Whoever thought of mashing up Teen Wolf and Miss Piggy deserves a free beer, because this silly-looking Wookie seems to be a hot topic of discussion today. I understand that Rumble, the new mascot of the Oklahoma City Thunder, was a last-minute replacement for the team’s original mascot idea, a fun-loving, knife-wielding chimpanzee.
The Thunder concocted a background story for the mascot, saying Rumble helped save the rest of his herd of bison during a ferocious storm before he was stranded alone in the Arbuckle Mountains and was struck by a bolt of lightning that gave him added strength and agility.
The bolt of lightning also gave him a huge, 17-inch penis and a profound fear of loud household appliances. Just don’t spend too much time out with your friends this weekend, or you might come home to sheets full of hybrid bison semen. You’ve been warned.
GET ME A KEG OF BEER!
The one on the right is into beastiality, look at the oh so subtle knee grope.
For the record:
No. Yes. Hell Yes. <<<<That’s my dog typing this
It was a classy move, inviting Rumble’s twin sister to appear in the picture.
They replaced Kevin Durant with this guy? Probably an improvement
I don’t get it. Robin Williams is their mascot? What does that have to do with Oklahoma City?

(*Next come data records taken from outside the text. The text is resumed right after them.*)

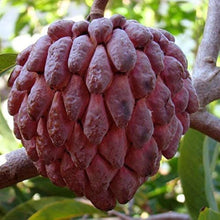 Red Custard Apple Seeds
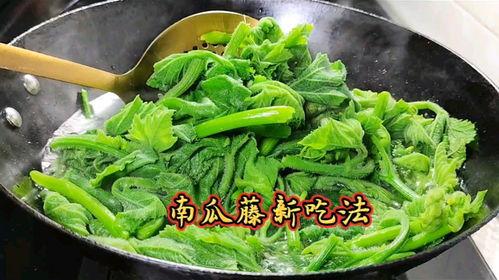 吃瓜南厨,揭秘美食背后的故事与传奇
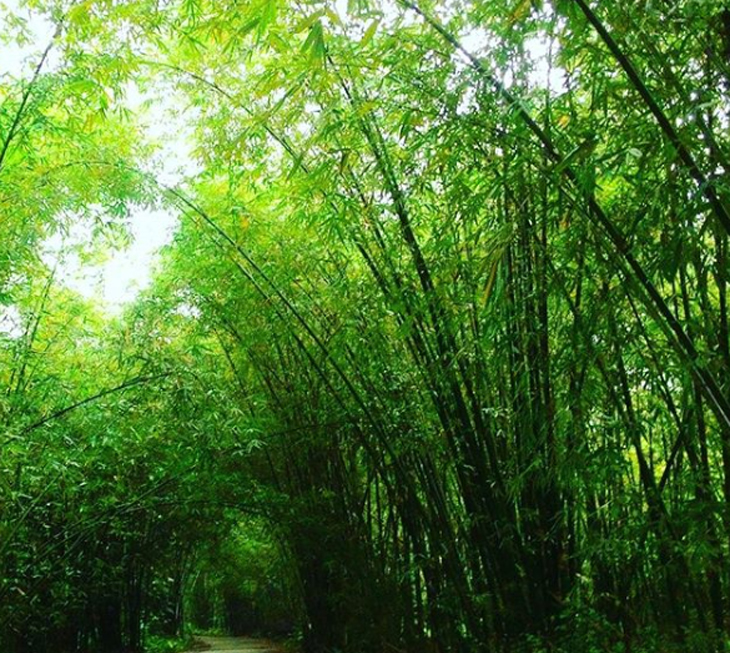 Detail Pemandangan Hutan Bambu Nomer 19
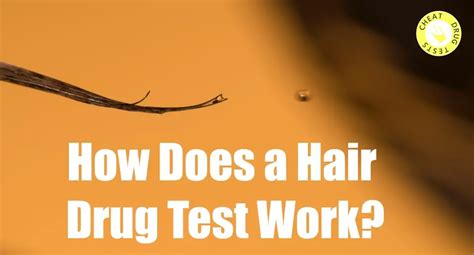 Image result for Hair Sample Drug Test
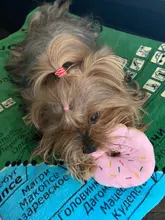 Pet-Toy Donut Puppy Chew Play Dogs Training Plush Squeaker Cute Funny Bite Cartoon Cats
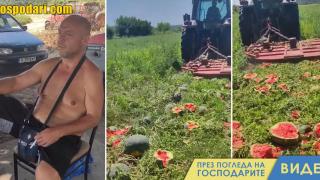 Гората.бг подарява 20 000 килограма дини на нуждаещи се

“you might come home to sheets full of hybrid bison semen.”
– wait wait wait. What do I have to do to make sure that happens? I mean, to make sure that never happens?
for the record, that photo should be called “who I thought I went to bed with when I was drunk / who I woke up with when I was sober.”

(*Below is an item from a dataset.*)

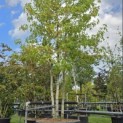 Liquidambar styraciflua 'Worplesdon' - Foto 3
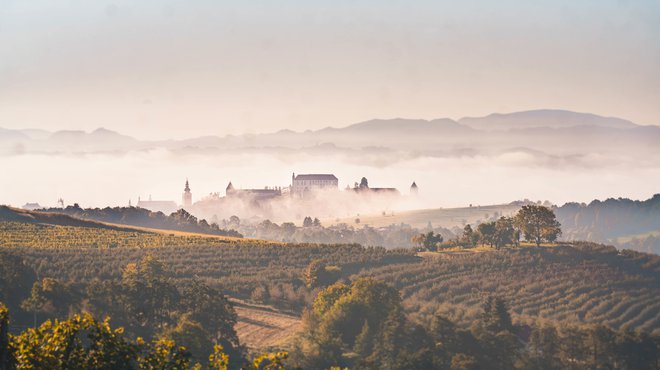 Pot na Mestni Vrh razvaja s čudovitimi razgledi na Ptujski grad. FOTO: Stanko Kozel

Their original mascot was an anthropomorphized federal building called “Rubble” but everyone decided it was still too soon.

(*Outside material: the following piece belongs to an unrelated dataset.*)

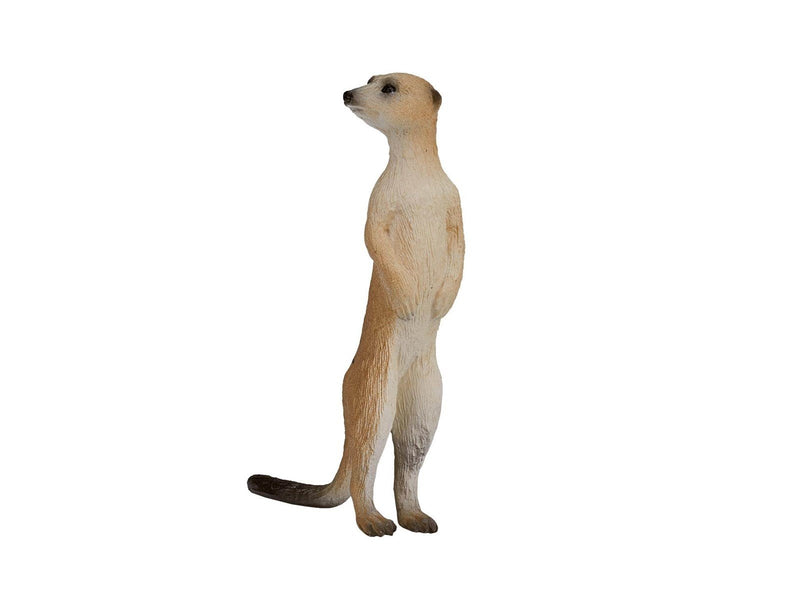 Mojo Wildlife Meerkat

Rumble’s story of heroism resulted in becoming an employee of Clay Bennett. Makes sense.
Which one’s the mascot, the teen wolf/miss piggy looking character lying down, or the similar looking one on the left?
@Zack: +1, you magnificent bastard.
In hindsight, the Golden State Warrior mascot, a man covered in flaming branches named “Bobby the brush fire”, was also not a very sensitive choice.
Although it’s still better than the Dallas Maverick pickup truck named “Hate crime.”
@WWSM: The Dallas joke was kind of a drag.
@WDYA: yeah, it’s sort of been beaten into the ground at this point.
What’s the Dele with this guy?
I also understand a lot of people in Oklahoma City were agitating for an electric chair mascot named “Sparky” because it would fit in so well with the whole thunder-and-lightning theme.
Just call me Homer Buffalkill.
Well, she is the kind of most attractive girl for me, if I am as pretty as her, i will look for a rich and nice guy at ^^^^^^^C e l e b m i n g l e. C o M^^^^^^^^
Rumble was left alone on the Arbuckle mountains? Who’s his dad – Jason Richardson?